In step 6 the \(p_{\text {channel}}\)-values found in the analysis of the 2015 ATLAS data are interpreted by comparing them with the \(p_{\text {channel}}\)-values found in the pseudo-experiments.

Fig. 10
figure 10

The fractions of pseudo-experiments (\(P_{\text {exp},i}(p_{\text {min}})\)) which have at least one, two or three \(p_{\text {channel}}\)-values (circular, square, and rhombic markers respectively) smaller than a given threshold (\(p_{\text {min}}\)) in the scans of a the \(m_{\mathrm {inv}}\) distributions, and of b the \(m_{\mathrm {eff}}\) distributions. The coloured arrows represent the three smallest \(p_{\text {channel}}\)-values observed in data. Dashed lines are drawn at \(P_{\text {exp},i}=5\%\) and at the \(p_{\text {min}}\)-values corresponding to \(1\sigma \), \(2\sigma \), \(3\sigma \), \(4\sigma \) and \(5\sigma \) local significances. Details of the deviations can be found in Tables 4 and 5

Figure 10 shows the fractions of pseudo-experiments that have at least one, two or three \(p_{\text {channel}}\)-values below a given threshold (\(p_{\text {min}}\)) in the scans of the \(m_{\mathrm {inv}}\) and the \(m_{\mathrm {eff}}\) distributions. The statistical tests in both distributions for the three leading \(p_{\text {channel}}\)-values are all consistent at the \(P_{\text {exp},i} >50\%\) level with the SM expectation of \(p_{\text {channel}}\)-values obtained from pseudo-experiments. Changing the size of the theoretical shape uncertainties by a factor of two leads to a change in the three smallest \(p_{\text {channel}}\)-values of a factor of two. It therefore does not lead to an appreciable change in the result.
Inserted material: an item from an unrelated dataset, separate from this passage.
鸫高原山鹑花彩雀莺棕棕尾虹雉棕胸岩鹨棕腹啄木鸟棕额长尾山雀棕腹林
In conclusion, no significant deviations are found in the 2015 dataset and consequently no dedicated analysis using data-derived signal regions (step 7) is initiated.

4 Conclusions

A strategy for a model-independent general search to find potential indications of new physics is presented. Events are classified according to their final state into many event classes. For each event class an automated search algorithm tests whether the data is compatible with the Monte Carlo simulated Standard Model expectation in several distributions sensitive to the effects of new physics. For each distribution the search algorithm is repeated on many pseudo-experiments to make a frequentist estimate of the statistical significance of the three largest deviations. A data selection in which a significant deviation is observed defines a data-derived signal region which will be tested on a new dataset in a dedicated analysis with an improved background model.
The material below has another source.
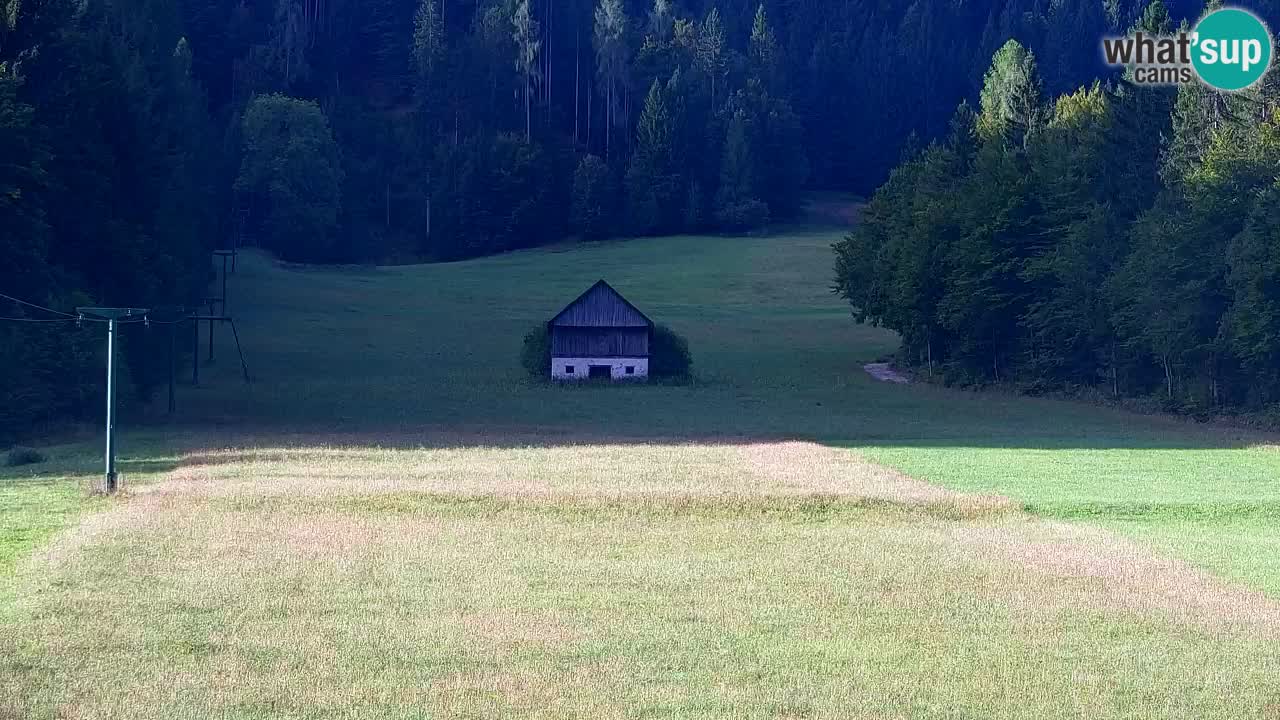 Ski Kranjska Gora | Velika Dolina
The strategy has been applied to the data collected by the ATLAS experiment at the LHC during 2015, corresponding to a total of 3.2 \(\text{ fb }^{-1}\) of 13 \(\text {TeV}\) \(pp\) collisions. In this dataset, exclusive event classes containing electrons, muons, photons, b-tagged jets, non-b-tagged jets and missing transverse momentum have been scanned for deviations from the MC-based SM prediction in the distributions of the effective mass and the invariant mass. Sensitivity studies with various toy signals (\(t\bar{t} + \gamma \), WZ, gluino, and \(Z'\) production) have shown that the strategy could discover signals for new physics without an a priori knowledge of the existence of the processes.

No significant deviations are found in the 2015 dataset and consequently no dedicated analysis using data-derived signal regions is performed. The strategy discussed in this paper will be useful to search for signals of unknown particles and interactions in the subsequent Run 2 datasets.